The Unlimited Photos plan costs $12 a year, and includes an additional 5 gigabytes of storage for videos or other files. The Unlimited Everything plan costs $60 a year and lets customers store as many photos, videos, files, documents, movies and music as they want. Both plans, offered through the Amazon Cloud Drive application, come with free three-month trials.
Amazon already offers the Unlimited Photos plan to Fire tablet and phone owners as well as Prime customers, who pay $99 a year for unlimited two-day shipping and other perks.

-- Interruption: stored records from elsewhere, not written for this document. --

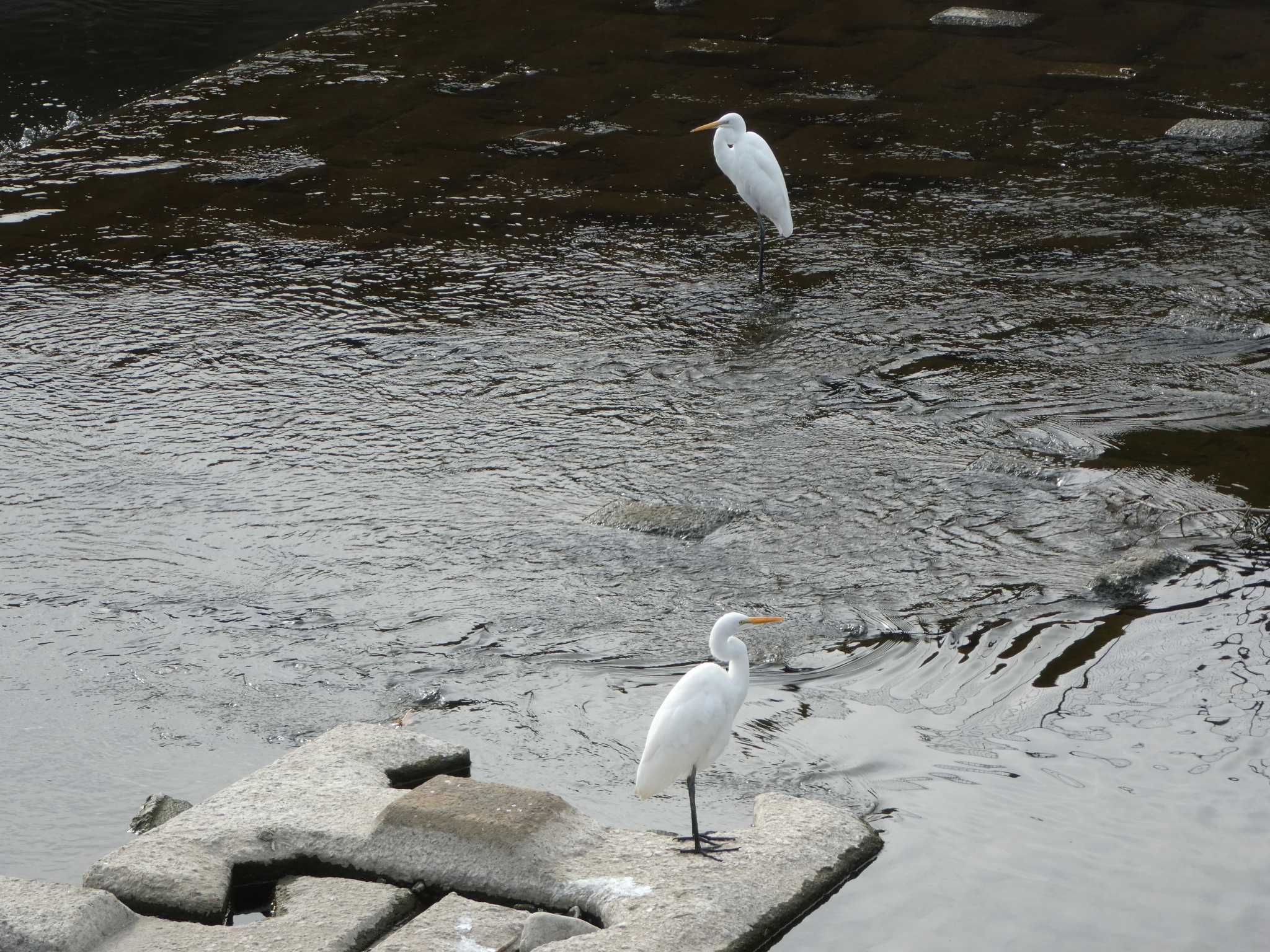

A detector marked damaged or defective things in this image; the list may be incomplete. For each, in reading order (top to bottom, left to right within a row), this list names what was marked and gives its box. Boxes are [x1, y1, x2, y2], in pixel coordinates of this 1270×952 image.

cracked concrete block [930, 7, 1036, 28]
cracked concrete block [1163, 118, 1264, 143]
cracked concrete block [584, 503, 742, 540]
cracked concrete block [128, 791, 193, 832]
cracked concrete block [86, 721, 472, 923]
cracked concrete block [0, 878, 136, 952]
cracked concrete block [100, 878, 416, 952]
cracked concrete block [368, 893, 525, 952]
cracked concrete block [518, 914, 597, 949]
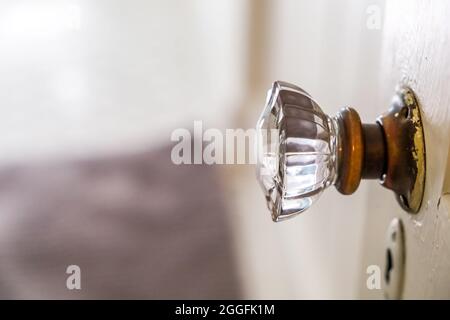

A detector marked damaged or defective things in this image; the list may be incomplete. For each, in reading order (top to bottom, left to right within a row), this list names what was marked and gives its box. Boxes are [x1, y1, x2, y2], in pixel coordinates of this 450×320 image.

corroded metal hardware [256, 81, 426, 221]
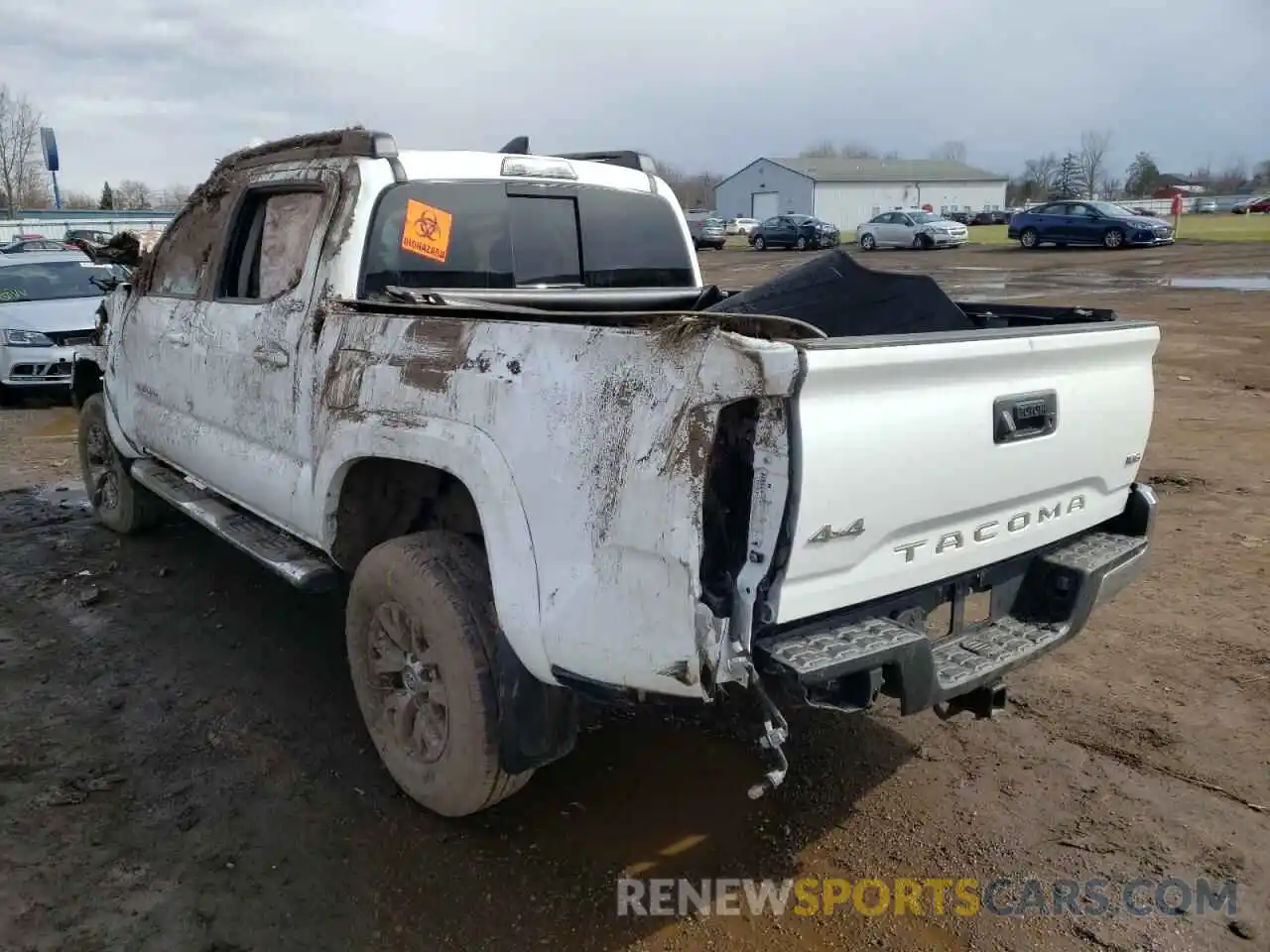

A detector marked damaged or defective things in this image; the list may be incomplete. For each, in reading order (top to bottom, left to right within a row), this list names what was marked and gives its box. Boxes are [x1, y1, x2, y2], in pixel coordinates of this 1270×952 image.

torn bed side panel [307, 310, 797, 700]
damaged truck bed [71, 125, 1163, 812]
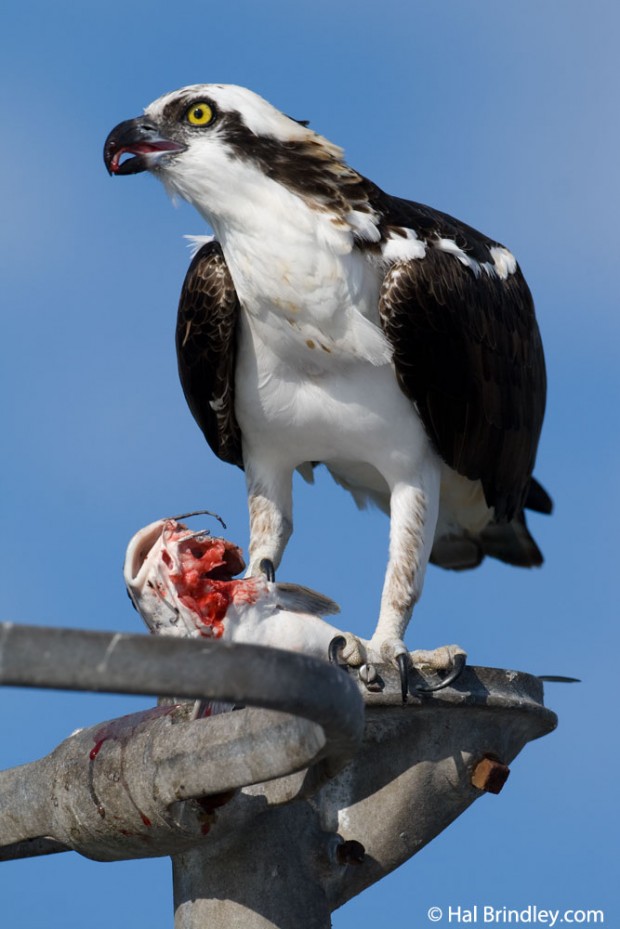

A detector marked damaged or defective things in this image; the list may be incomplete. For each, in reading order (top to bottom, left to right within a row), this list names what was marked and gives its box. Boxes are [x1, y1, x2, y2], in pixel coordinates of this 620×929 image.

rusty bolt [472, 752, 512, 792]
rusty bolt [336, 840, 366, 864]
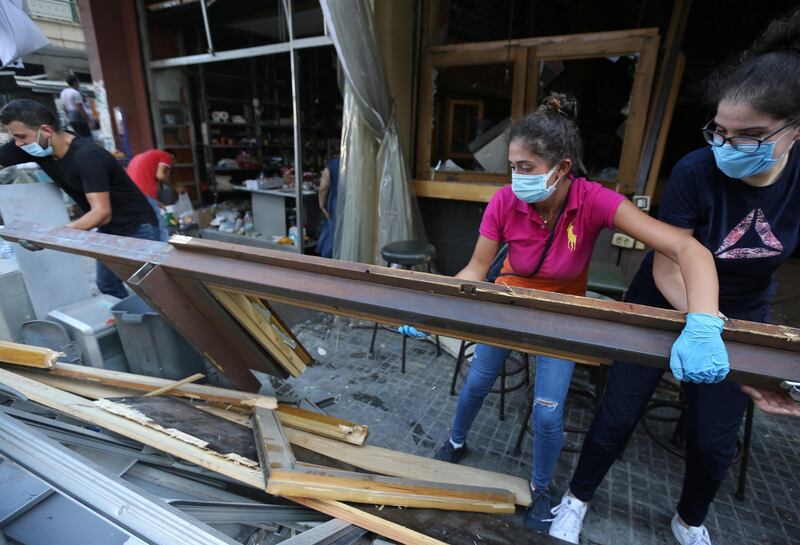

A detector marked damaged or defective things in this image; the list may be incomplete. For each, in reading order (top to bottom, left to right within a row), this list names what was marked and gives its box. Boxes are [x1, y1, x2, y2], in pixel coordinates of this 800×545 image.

broken wooden frame [416, 25, 660, 200]
broken wooden frame [0, 223, 796, 388]
broken wooden frame [250, 406, 516, 512]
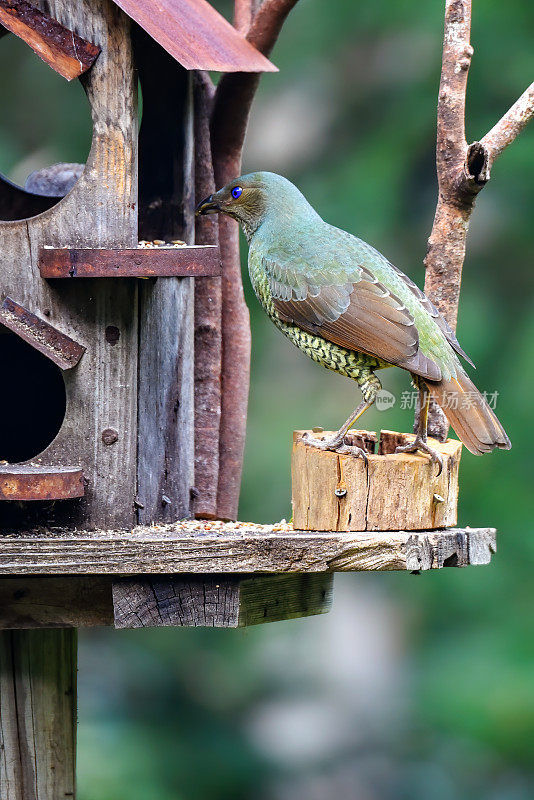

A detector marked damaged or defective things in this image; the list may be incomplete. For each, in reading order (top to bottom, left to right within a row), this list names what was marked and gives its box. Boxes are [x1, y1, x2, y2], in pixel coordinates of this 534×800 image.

rusty metal roof [110, 0, 276, 72]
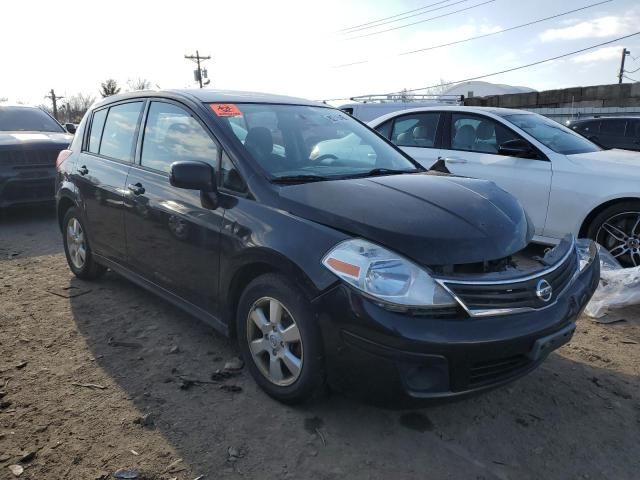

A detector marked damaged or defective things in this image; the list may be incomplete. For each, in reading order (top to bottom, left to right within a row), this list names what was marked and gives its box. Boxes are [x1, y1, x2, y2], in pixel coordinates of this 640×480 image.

damaged front bumper [316, 237, 600, 402]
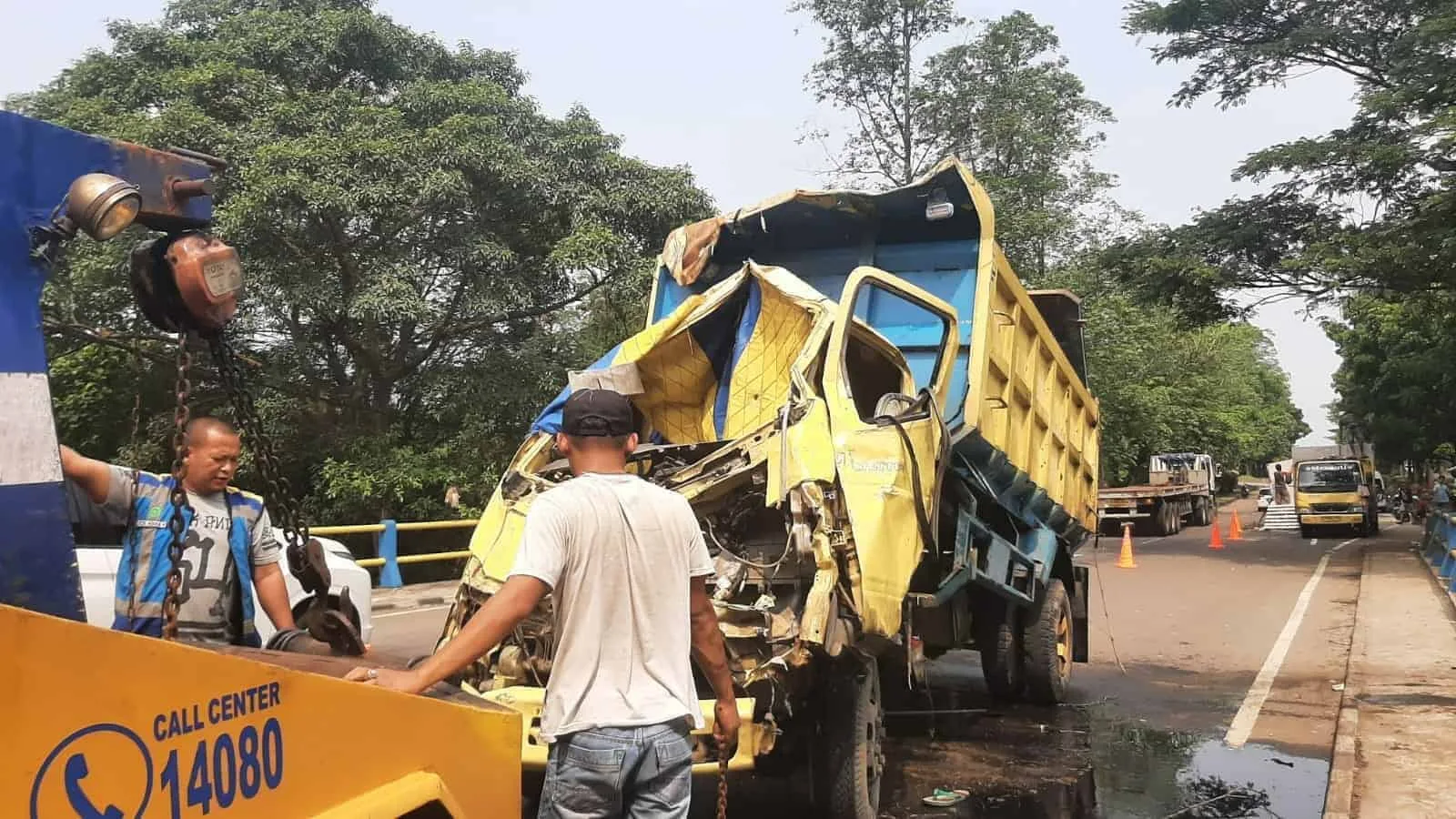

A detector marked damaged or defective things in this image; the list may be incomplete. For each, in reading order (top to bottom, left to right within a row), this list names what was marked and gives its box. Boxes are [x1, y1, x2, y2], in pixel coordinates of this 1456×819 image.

crumpled yellow metal panel [1, 602, 518, 810]
wrecked yellow truck [437, 156, 1095, 810]
crushed truck cab [442, 159, 1100, 815]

The e-commerce giant is a major player in cloud services for businesses, thanks to its Amazon Web Services division. The unit rents out its data centers' storage, processing power and other tools to companies that don't invest in their own servers. Amazon now appears to be tapping into the huge computing and storage power of its data centers to provide more services for consumers. That move puts it in more direct competition with Apple, Google, Dropbox, Microsoft and many others in offering consumer cloud services. Google in June added unlimited storage to its subscription Drive for Work service, and later with unlimited free storage to its education apps suite. Also, Microsoft in October moved to unlimited cloud storage for its Office 365 subscription customers.
While some other competitors have caps on how much storage can be used or how big certain files can be, Amazon pointed out that customers won't have to count or guess how much storage they'll need across their different devices. Still, those caps keep increasing, so more offerings that come close to or match Amazon's new cloud services may be coming soon.